Creating a backlog
The Product Owner compiles all the requests and specifications that are the basis of the changes of the product, such as new functions and bug fixes. After the goals have been defined, the entirety is broken down into segments. Each such segment should in part create business value and in part be sub-deliverable. A prioritized list is made at the same time – the Product Owner personally makes the decisions at this point. In what order should the changes be made and delivered? The result is a todo list arranged according to how the market’s demands and customer’s requests change over time. When it is time to start a new Sprint, the Product Owner “freezes” the foremost items on the to-do list and summons the Scrum Team to a meeting.
The sprint phase
Of the Sprint’s 30 calendar days, the first are set aside to create a Sprint Backlog. When the tasks and required time has been determined, the Product Owner lets go. As of now the Scrum Team works under its own responsibility. If the group has been properly composed, the work will be self organizing.
During this meeting the Product Owner informs the team of the items in the product backlog that he wants completed. The team then determines how much of this they can commit to complete during the next sprint. During the sprint, no one is able to change the sprint backlog, which means that the requirements are frozen for a sprint. Each of the participants should in some way answer three questions:
1. What have you done since the last meeting?

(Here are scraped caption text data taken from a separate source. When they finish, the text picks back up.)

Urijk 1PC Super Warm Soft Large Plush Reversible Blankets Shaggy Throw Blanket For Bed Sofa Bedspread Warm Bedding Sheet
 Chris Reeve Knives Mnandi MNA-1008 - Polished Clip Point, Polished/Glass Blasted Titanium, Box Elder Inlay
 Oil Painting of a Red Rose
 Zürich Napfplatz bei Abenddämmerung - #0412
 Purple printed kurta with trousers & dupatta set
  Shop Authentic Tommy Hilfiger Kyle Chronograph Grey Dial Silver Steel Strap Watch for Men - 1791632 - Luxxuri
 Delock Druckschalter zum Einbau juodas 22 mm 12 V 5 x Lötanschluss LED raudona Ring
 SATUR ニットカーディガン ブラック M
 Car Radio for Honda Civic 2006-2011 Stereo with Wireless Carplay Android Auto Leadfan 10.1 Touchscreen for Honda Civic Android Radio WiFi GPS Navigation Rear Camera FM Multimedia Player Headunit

2. What will you do between now and the next meeting?
3. Is there anything preventing you from doing what you have planned?
The first two questions give the meeting participants full insight into how the project is progressing. The third question provides a basis for problem solving – ranging from a new computer mouse to organizational changes at the company. Anyone may attend and listen at the meeting, but only the Scrum Master and the team members may speak.